For decades, it’s been known that the Sun lies within a cavity of low-density, high-temperature plasma surrounded by a shell of cold, neutral gas and dust, or the “Local Bubble” as it’s called.
But the exact shape and extent of this shell, and its relationship to the nearby star formation have remained uncertain. However, astronomers at the Center for Astrophysics, Harvard & Smithsonian (CfA) and the Space Telescope Science Institute (STScI) have made headway in reporting an analysis of the three-dimensional positions, shapes and motions of dense gas and young stars within 200 pc of the Sun in a new study published in Nature.
By using new spatial and dynamical constraints, they’ve found that all young stars and star-forming regions in the solar vicinity lie on the surface of the Local Bubble.
“The spacetime animation shows how a series of supernovae that first went off 14 million years ago, pushed interstellar gas outwards, creating a bubble-like structure with a surface that’s ripe for star formation,” Space Telescope Science Institute reports.

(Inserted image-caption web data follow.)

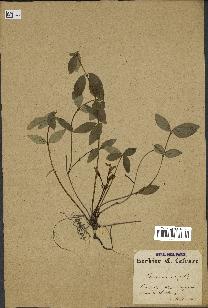 spécimen de Vinca minor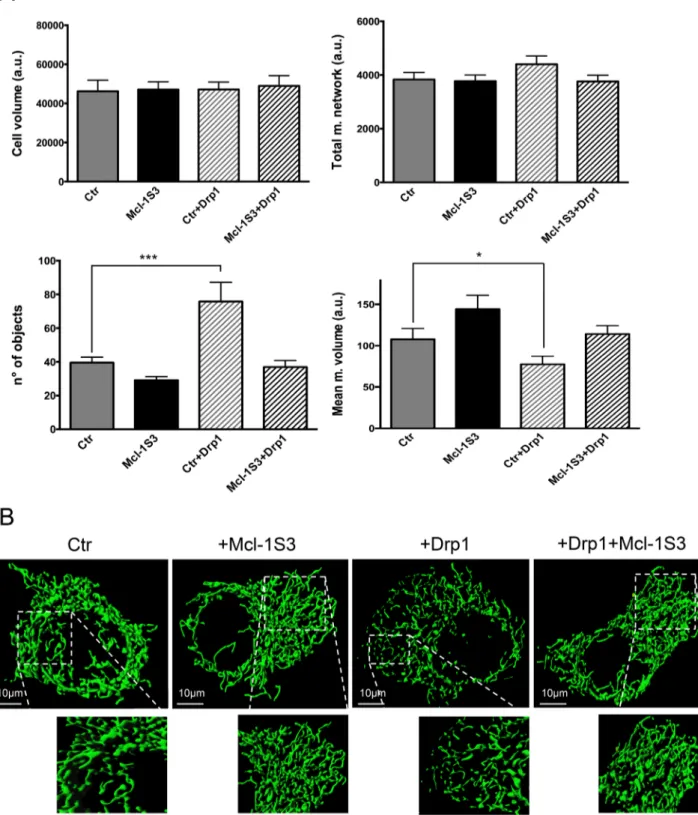 FIGURE 5:  Mcl-1L involvement in mitochondrial dynamics is Drp1 dependent. (A) Analysis of mitochondrial morphology  under four experimental conditions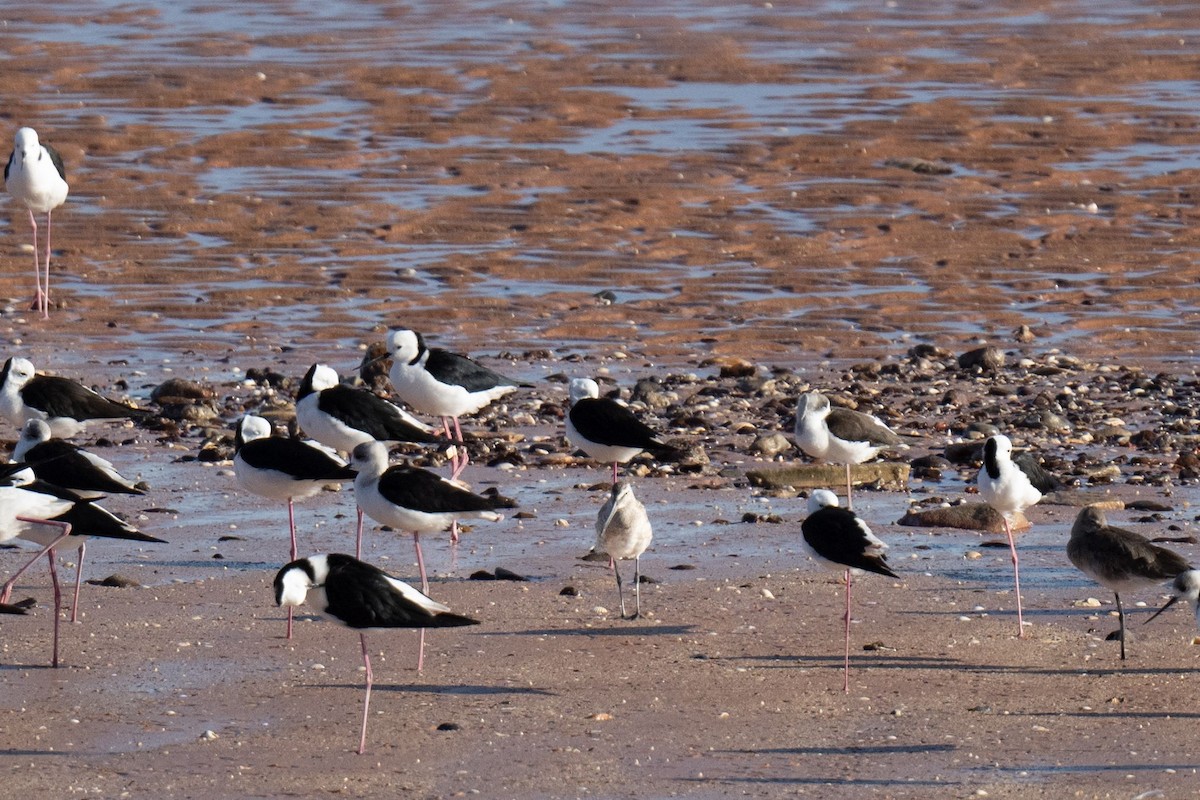 Asian Dowitcher - ML608966640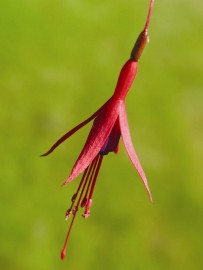 Floral Fuchsia  FES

Astronomer and data visualization expert Catherine Zucker said: “We’ve calculated that about 15 supernovae have gone off over millions of years to form the Local Bubble that we see today… This is really an origin story; for the first time we can explain how all nearby star formation began.”

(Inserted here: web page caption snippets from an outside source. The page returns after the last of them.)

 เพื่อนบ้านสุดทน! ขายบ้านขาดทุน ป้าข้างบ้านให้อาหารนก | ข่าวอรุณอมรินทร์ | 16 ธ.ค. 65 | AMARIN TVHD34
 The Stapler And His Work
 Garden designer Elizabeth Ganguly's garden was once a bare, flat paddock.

The astronomers went on to note that the oddly-shaped bubble is not dormant and continues to slowly grow. “It’s coasting along at about 4 miles per second,” Zucker adds. “It has lost most of its oomph though and has pretty much plateaued in terms of speed.”
“When the first supernovae that created the Local Bubble went off, our Sun was far away from the action,” co-author João Alves, a professor at the University of Vienna maintains. “But about five million years ago, the Sun’s path through the galaxy took it right into the bubble, and now the Sun sits — just by luck — almost right in the bubble’s center.”
Today, as humans glance out into space from near the Sun, they have a front row seat to the process of star formation occurring around on the bubble’s surface.